/Caulerpa_sampling

Automating sampling point extraction from diver GPS data

Caulerpa sampling in the Ria Formosa

Márcio Martins 26 Jan 2018

Caulerpa prolifera sampling transects

For Caulerpa prolifera biomass sampling, divers performed transects across a canal in the Ria Formosa lagoon (South Portugal) and stopped at pre-determined intervals to collect samples.

To determine the location of those sampling points, the divers’ position was recorded by a handheld GPS attached to a diving bouy. The GPS was recording a track, with an interval between records of 1 second.

The GPS track is continuous across all the transects, meaning it also includes boat travel.

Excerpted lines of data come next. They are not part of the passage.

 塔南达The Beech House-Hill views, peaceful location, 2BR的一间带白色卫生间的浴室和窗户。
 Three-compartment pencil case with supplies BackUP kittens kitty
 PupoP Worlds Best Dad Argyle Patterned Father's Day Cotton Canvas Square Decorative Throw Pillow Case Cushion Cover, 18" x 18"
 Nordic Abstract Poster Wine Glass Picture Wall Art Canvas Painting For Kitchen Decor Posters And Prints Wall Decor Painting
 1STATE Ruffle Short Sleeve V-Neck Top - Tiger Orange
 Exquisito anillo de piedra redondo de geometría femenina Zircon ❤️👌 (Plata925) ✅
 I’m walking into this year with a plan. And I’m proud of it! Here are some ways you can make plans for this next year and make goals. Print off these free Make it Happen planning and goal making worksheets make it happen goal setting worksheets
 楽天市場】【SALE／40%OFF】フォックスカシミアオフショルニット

There are a total of 4 transects

The original method to determine the sampling points was to have a user look at the video footage of the dives and mark the times at which samples were taken. Then, those times were crossed with the GPS data. This process is time consuming.

GOALS:
1. To isolate and extract the data for individual transects. 2. To determine sampling points along the transect.
3. Compare automated method with manual one.

Isolating transect data

Our GPS track was provided in “.gpx” format. For convenience, I will convert this information into a tabular format.

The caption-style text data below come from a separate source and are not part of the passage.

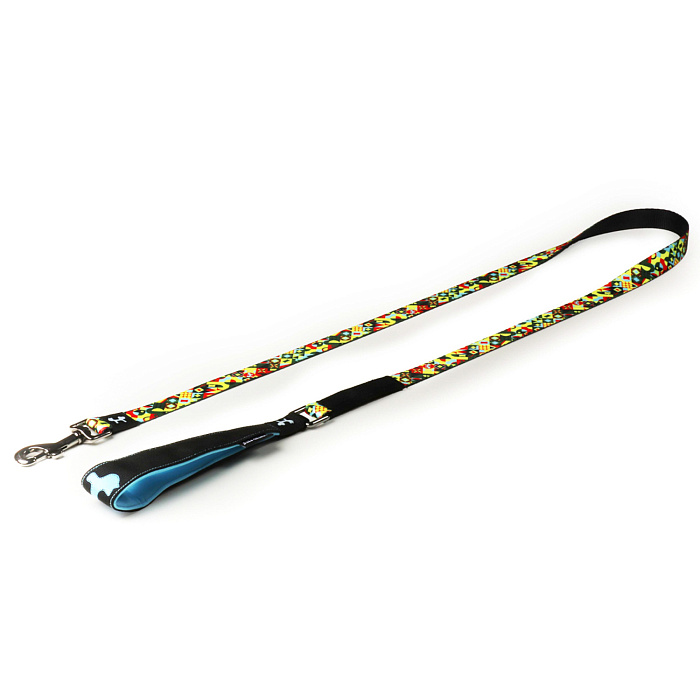 Поводок United Pets для собак Complete me 120 см, 25 мм, разноцветный рисунок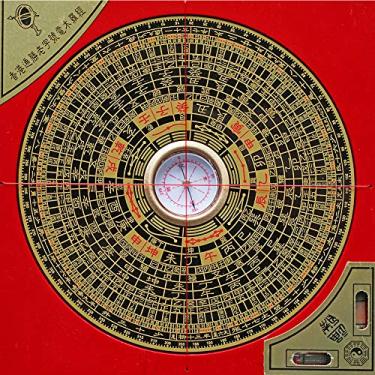 Imagem de Bússola Feng Shui Profissional, Base Vermelha, Giratória 360°, com Ponto Laser e Escala Precisa (5.9“)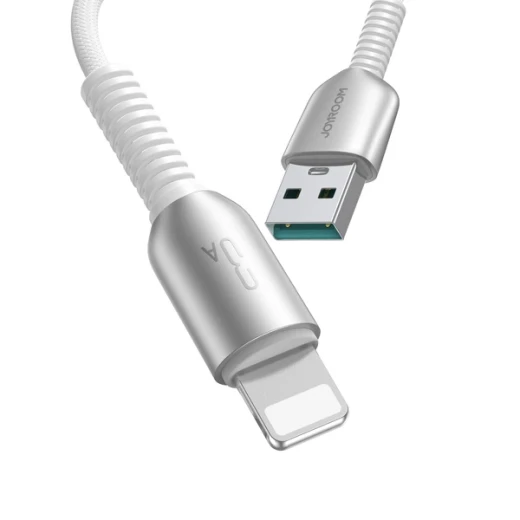 كابل جوي روم S-A51 Cutting-Edge بطول 1.2 متر USB-A إلى Lightning، شحن سريع 3 أمبير ونقل بيانات 480 ميجابت/ثانية، رمادي فاتح - جوي روم - Image 2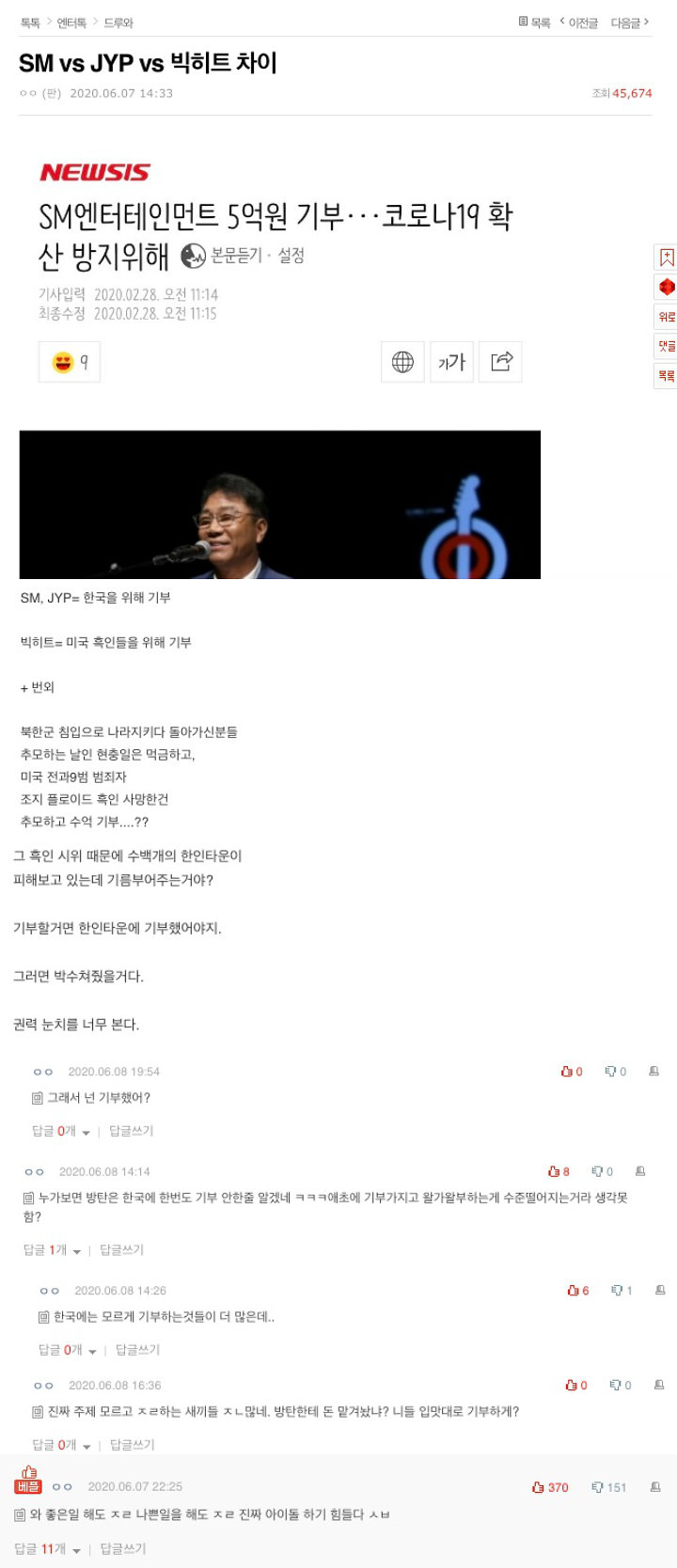 Donasi Big Hit untuk BLM Dibandingkan dengan Sumbangan COVID-19 SM dan JYP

There a total of 4 tracks in the device. We are only interested in the last one.

track <- readOGR("./GPS_tracks.gpx", layer = "track_points")
## OGR data source with driver: GPX 
## Source: "D:\Documentos\R_resources\z_Projects\Caulerpa_sampling\GPS_tracks.gpx", layer: "track_points"
## with 10476 features
## It has 26 fields
points <- tibble("trackID" = track@data$track_fid,   #Select variables we are interested in
                 "time"    = track@data$time,
                 "lat"     = track@coords[,2],
                 "long"    = track@coords[,1]) %>%
          filter(trackID == 4) %>%                   #Only keep track 4
          select(-trackID)                           #Remove trackID variable

#Time is imported as a factor, change to POSIXct date
points$time <- as.character(points$time) %>%
               ymd_hms()

head(points)
## # A tibble: 6 x 3
##   time                  lat  long
##   <dttm>              <dbl> <dbl>
## 1 2018-01-25 12:38:15  37.0 -7.81
## 2 2018-01-25 12:38:16  37.0 -7.81
## 3 2018-01-25 12:38:17  37.0 -7.81
## 4 2018-01-25 12:38:18  37.0 -7.81
## 5 2018-01-25 12:38:19  37.0 -7.81
## 6 2018-01-25 12:38:20  37.0 -7.81

Now the information is formated in such a way that is very easy to manipulate and plot.

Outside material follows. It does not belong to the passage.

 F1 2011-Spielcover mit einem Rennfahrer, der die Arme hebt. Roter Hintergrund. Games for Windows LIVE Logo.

Let’s start by getting a glimpse of the full track:

#Assign a number ID to the points, it will be used to identify points later
points$nr <- c(1:nrow(points))


ggplot() +
  geom_path(data = points, aes(x = long, y = lat), size = 1) +
  lims(x = c(min(points$long), max(points$long)), y = c(37.00176, 37.01067)) +
  labs(x = "Longitude", y = "Latitude") +
  theme_bw()

To extract the individual transects, we need to identify the start and end points of each transect. Those points can be identified visually. An interactive map was used to identify the ID of those points

note: since this work was performed, the ggmap package stopped working for google satellite imagery without a google developer account. The easiest way to change the package to mapview, which uses ESRI images). I did not bother changing the code, as the interactive map does not work in github readme anyways

Using this method, the start and end points were identified as: - Transect one: Points 1 to 581
- Transect two: Points 2401 to 3811
- Transect three: Points 5311 to 6601
- Transect four: Points 8311 to 9571

t1 <- points %>%
      filter(nr <= 581)
t1$transect <- 1

t2 <- points %>%
      filter(nr >= 2401 & nr <= 3811)
t2$transect <- 2

t3 <- points %>%
      filter(nr >= 5311 & nr <= 6601)
t3$transect <- 3

t4 <- points %>%
      filter(nr >= 8311 & nr <= 9571)
t4$transect <- 4

transects <- rbind(t1,t2,t3,t4) %>%
             mutate(transect = as.factor(transect))

ggplot() +
  geom_path(data = transects, aes(x = long, y = lat, color = transect, group = transect), size = 0.5) +
  scale_color_manual(values = c("#e41a1c", "#4daf4a", "#984ea3","#ff7f00")) +
  lims(x = c(min(points$long), max(points$long)), y = c(37.00176, 37.01067)) +
  labs(x = "Longitude", y = "Latitude") +
  theme(legend.position = "none") +
  theme_bw()

We can also quickly create a table with the start and end times of each transect to check if they match the video footage.

kable(transects %>%
      group_by(transect) %>%
      summarise(Start = min(time), End = max(time)),
  align = c("c","c","c"),
  format = "html") %>%
kable_styling(full_width = F)

transect

Start

End

1

2018-01-25 12:38:15

2018-01-25 12:48:05

2

2018-01-25 13:20:04

2018-01-25 13:44:15

3

2018-01-25 14:10:02

2018-01-25 14:32:52

4

2018-01-25 15:02:26

2018-01-25 15:24:27

Sampling points

Now that we have isolated the transects, let’s to find a method to automate the extraction of the sampling points.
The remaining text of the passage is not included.